Not much beyond correlation, which is why one must have a broad understanding of a number of variables involved in any such analysis as well as a substantive theoretical background from which to interpret statistical graphs such as this, which are after all, human methodological constructions that only capture a limited and compartmentalized snapshot of much more complex phenomena.
Did the Bush tax hikes decease or raise revenue? Well, what a graph like this one tells us is that revenues deceased as the tax cuts were phased in, and then took of after full implementation. But is this lag in revenue increase fully a product of the tax cuts? Kevin ignores confounding variables such as the major recession under way between 2000 and 2003, fueled by the dot com collapse and 9/11.
Its simple to understand that evenue rises as GDP goes up, as population rises and more people enter the workforce, and as people live and work longer. This explains Graham's disingenuous statistical analysis through which he attempts to show that revenue has continually risen over decades while through both high and low tax periods:

Note that Graham has just provided, unwittingly perhaps, the very evidence against his own argument that Laffer and other free market economists would point to as evidence of their claims. Look at the graph.
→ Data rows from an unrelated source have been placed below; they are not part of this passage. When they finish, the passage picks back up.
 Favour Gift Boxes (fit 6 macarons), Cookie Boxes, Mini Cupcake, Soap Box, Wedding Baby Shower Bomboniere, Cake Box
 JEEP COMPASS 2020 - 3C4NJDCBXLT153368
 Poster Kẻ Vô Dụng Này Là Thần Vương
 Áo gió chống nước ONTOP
At the end of the Nixon and Carter years (both liberal, interventionist Keynesians given to high taxes, deep government regulation, and price controlling), government revenue was well under half of what it was after the seven year supply side boom of the eighties.
Again, Graham has two fundamental problems here, the first being that he simply does not understand basic free market economics, and the second being his disdain and rejection the disciplines of critical thinking in his quest for a quick ideological/psychological fix.
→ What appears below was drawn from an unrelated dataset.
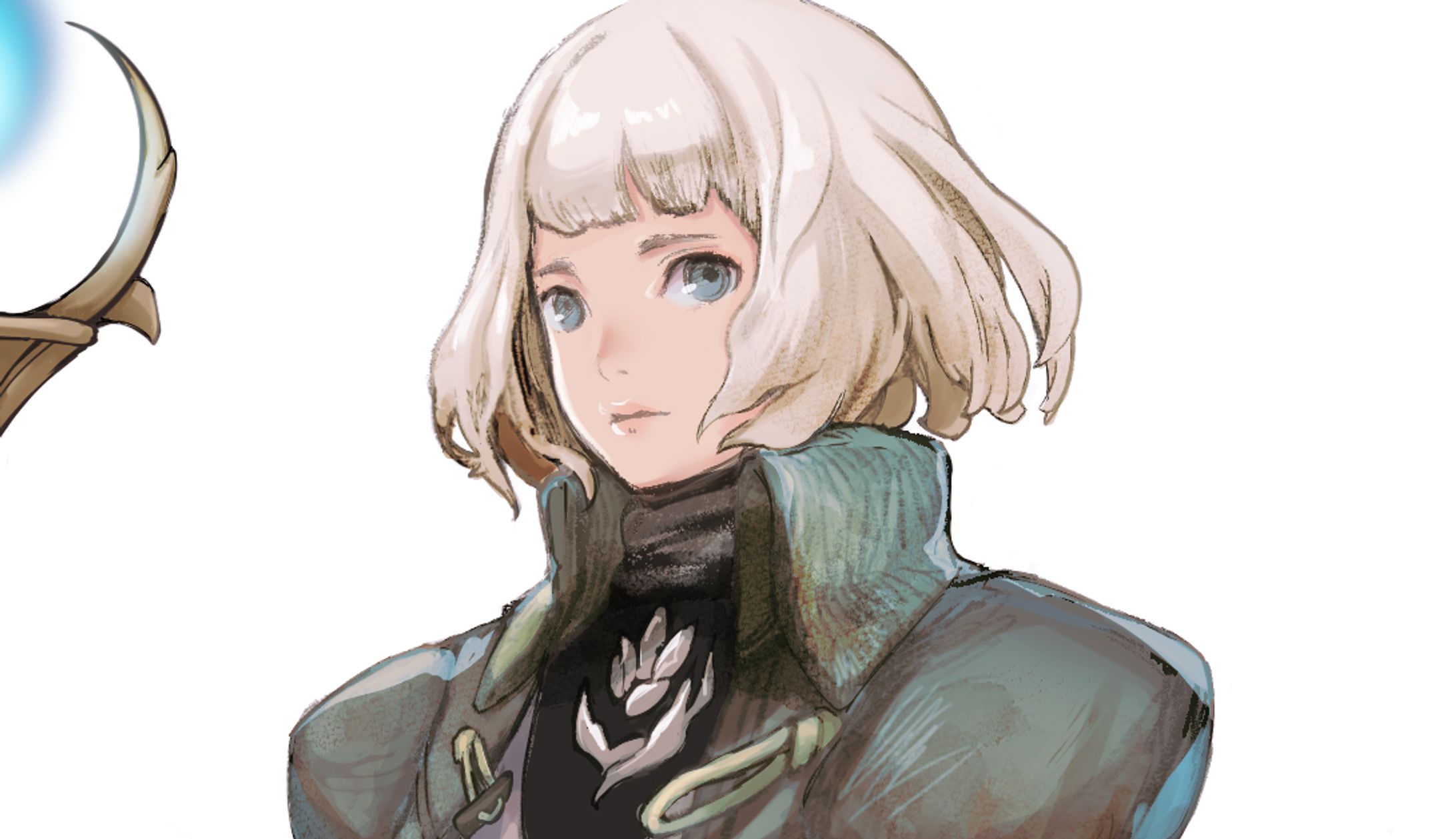 筆記具型の杖を持つ魔女-1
Tax revenues are not correlated with tax rates but with economic growth. That's the fundamental theoretical and historical principle involved. This is why leftists like Graham, who's primary purpose is not to understand economics but to offer sacrifices to their god, government, continue to make illogical and counter-intuitive claims that rising tax burdens, and even substantial ones, increase government revenue.
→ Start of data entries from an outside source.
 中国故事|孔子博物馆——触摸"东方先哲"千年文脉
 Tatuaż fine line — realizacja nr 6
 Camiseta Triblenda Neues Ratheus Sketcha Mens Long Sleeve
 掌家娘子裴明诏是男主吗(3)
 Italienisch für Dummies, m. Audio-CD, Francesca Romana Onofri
That's simply a plea for the static, interested political class/statist position that Laffer has termed the "arithmetical". What actually occurs, however, is an
economic effect, a "catallactic" effect based upon rational human being's perception of and reaction to economic incentives and environments. Increasing tax rates would increase government revenue - in an econometric mathematical model or in a formal deductive argument. In the real world, however, devoid of the need for ideological purity and emotional venting at personal mythological enemies, human behavior changes; economic activity recedes, the tax base shrinks, and government revenues wilt.

Note also in Graham's graph the big dip just at the 1982 to 1983 mark; that's the second major Carter-Keynesian recession coming out of the 70s, while the economy was hemorrhaging jobs and capital and the Reagan tax cuts were in their phase in stage. Then notice in 1984, when the tax cuts become fully active, the economy does what? Yes, it takes off, and takes off dramatically. By 1990, government revenue comes in at just over a trillion dollars, as compared to the roughly $500 billion that ended the economically disastrous Carter years, which themselves were simply more dramatic extensions of Nixon's policies.
If I give Kevin enough rope...well, you know.
Now, let's discuss Kevin's quaint Michael Mooresque leftist class war fables about the Bush tax cuts. What is the truth here?
Well, in the first place, let's revisit the claim that the Bush tax cuts reduced revenue and increased the deficit. Kevin can use his carefully selected graphs to show correlations between the Bush tax cuts and revenue decreases. Did they decrease? Yes, they did, as the cuts were being phased in over several years. Were the cuts the cause of the revenue decreases. In the interim, perhaps (and there is nothing wrong with deceased government revenues, by the way), but tax revenues in 2006 were actually higher than the projected levels that existed before the 2003 cuts ($47 billion above the projection)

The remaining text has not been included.